I am not from Imo State, but I have said enough about that state on these pages for any observer to note my interests and concerns for good governance in that endowed state. Yes, I confess to having had a healthy contempt for the immediate past government of the state before Ihedioha. Yes, I saw and still see, the great gains of the short, and interrupted, tenure of Emeka as the first real attempt to bring Imo people together, with genuine, people-based, Ikwu-na-ibe notions of leadership and development. I make no apologies about my perception of Ihedioha as having begun to dispel the odour of unsanctity surrounding leadership, governance and service delivery in Imo State before the court judgment. I suggest, and insist, that he brought something that had been largely missing since the days of the late Sam Mbakwe and the likes of Peter Obi as governors in the South-east.

Part of what Emeka brought, and which is in danger of being blown away by Ndi Omekome, is the idea of leadership as service to the people. Not the award of contracts to the elite for kickbacks, in addition to the promotion of never-do-wells into prominence, no. It was service, “for the good of the people, according to their known and accepted norms, and in the promotion of their short, medium and long term interests.”

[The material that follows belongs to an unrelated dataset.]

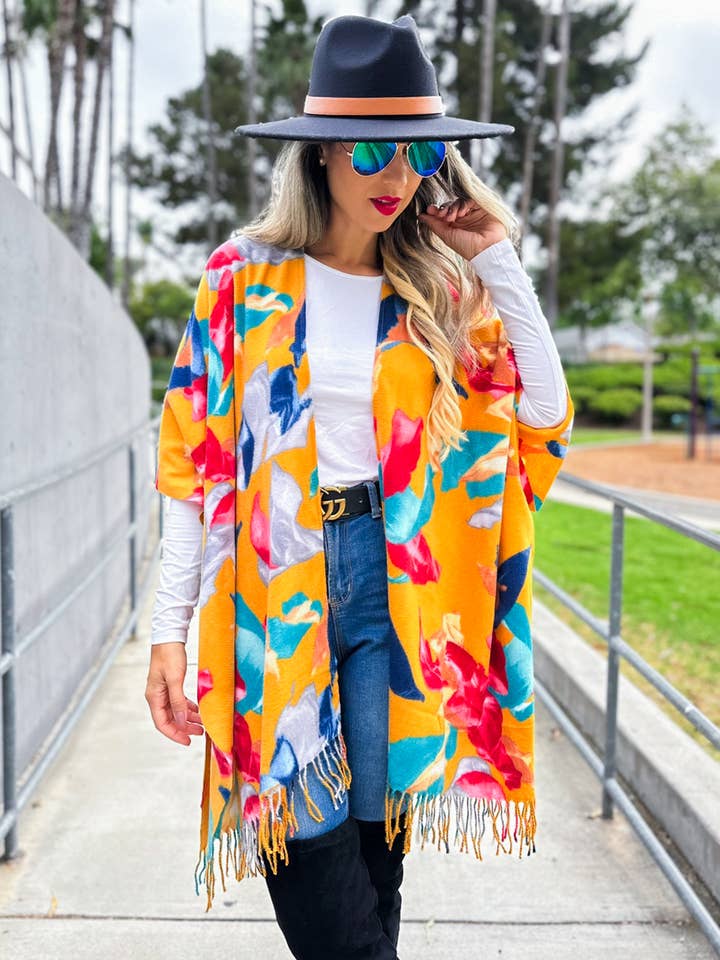 Flerfärgad Multi levande blommigt tryckt kimono kofta med tofs för wholesale på Faire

In those few months, Ndi Imo had the heartwarming experience of seeing a governor who went about conducting government business with calm clear-headedness and unaffected diligence. They beheld someone who came to lead and to offer succor by placing all the cards on the table and asking them to join him so that they could collectively regain and restore their pride as a people. By inviting, deploying and making the best of the state’s rich human capital he was already creating a new reference for the teeming youths, before the Supreme Court judgment.

The contrast between his short stint and the eight years of tomfoolery that preceded him explains why everyone was ready to work with him. The people simply heaved a sigh of relief. This includes the repentant, and perhaps not so repentant, participants in the eight-year leadership dance of shame that preceded his assumption of office. But one thing stood out: he removed the debauchery that had taken violent possession of that endowed state. It is true that the conduct of some Members of the Imo State House of Assembly after the court judgment leaves a big smear on the celebrated rebirth. Yes indeed, it does. But that only shows that some people are still what they were. To take that too hard, or make it a basis for the permanent stigmatisation of the political turncoats, is to overlook the fact that not all are initially guided by deep conviction in all that they do.

But no one must lose sight of the fact that the virtues, and even performance of Ihedioha in office are not matters to tender in a court of law, especially the Supreme Court. They are, at best, subject declarations of preferred values and a cheerful display of ones loyalties with regard to what one would like to see in Imo State. So one does not expect that the Supreme Court that withdrew his certificate on technical grounds will re-award same on the bases of some beautiful prose on his leadership qualities. No. Not at all! It is now a matter of law. But not banal law. It must be law taken new levels of jurisprudential excellence, to the much higher calling that beckons on the ultimate spirit of the law (all rational law) to deliver the type of justice that will resonate with our true humanity. Which is why the Ihedioha appeal that was called up and then adjourned to the second day of March imposes some great demands, based on our recent judicial history. It is the demands ancient jurists would say are imposed on every juror of repute, who does not wish to do anything that is “repugnant to natural justice, equity and good conscience.”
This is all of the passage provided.